30Le tableau proposé à l’échelle générale de l’ouvrage n’est pas exhaustif : Maurice Martin du Gard assume pleinement la subjectivité de son point de vue. Certaines figures sont très présentes : Barrès est, par exemple, un aîné très souvent convoqué. Drieu la Rochelle est un intime. Mais, au final, il n’est guère d’écrivains célèbres qui n’y trouvent leur place, depuis Proust ou Valéry jusqu’aux écrivains aujourd’hui méconnus – Henri Béraud ou Jean-Jacques Brousson par exemple. Quelques noms, simplement évoqués, restent dans l’ombre, comme Malraux, voire Gide, ainsi que les surréalistes qui revendiquaient haut et fort leur marginalité et qui s’en étaient pris violemment aux Nouvelles littéraires et à son directeur en mai 1926. Si les œuvres peuvent être mentionnées, ce sont avant tout les personnalités qui intéressent Maurice Martin du Gard, et il excelle à détailler les origines, les rapports de famille, les liens sociaux, les habitudes de vie, en croquant superbement ces figures au physique comme au moral. Il se plaît dans ces rapports à la fois mondains et artistiques, sans être dupe des travers de chacun : une distance humoristique et ironique s’installe souvent, mais, au final, c’est la sympathie, mêlée de nostalgie sous-jacente à l’égard d’un milieu qui a disparu au moment de la conception générale de l’ouvrage, qui l’emporte.

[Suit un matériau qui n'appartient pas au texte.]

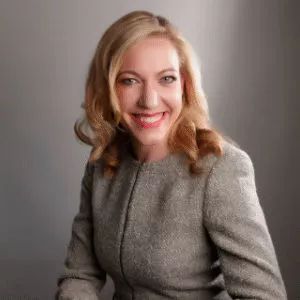 Elizabeth Linder — Specialist in Digital Diplomacy and Founder of The Conversational Century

31On peut se poser la question de la composition de ces textes : comment, après la Deuxième Guerre mondiale, Maurice Martin du Gard a-t-il pu faire parler certains hommes disparus 20 ans auparavant ? Il a parfois puisé dans ses propres textes antérieurs – ouvrages, comme les Moralités libérales de 1932 qui contenaient déjà différentes études d’écrivains et d’artistes, ou articles parus dans Les Nouvelles littéraires – mais il avait aussi accumulé une documentation personnelle très importante. François Nourissier raconte :
On dit qu’il lui arrivait, aux Nouvelles, de faire attendre un visiteur, occupé qu’il était à coucher sur le papier les propos du visiteur précédent. Cela s’appelle écrire sur ses manchettes. La précision sténographique (ou qui paraît telle) des dialogues, l’impression de vérité que dégagent les mots, les voix – on croit les entendre –, tout cela suppose un travail immédiat, méticuleux, systématique51.
32Cela dit, on peut aussi émettre quelques réserves ponctuelles sur l’exactitude de ces scènes ; on y reviendra à propos de Claudel.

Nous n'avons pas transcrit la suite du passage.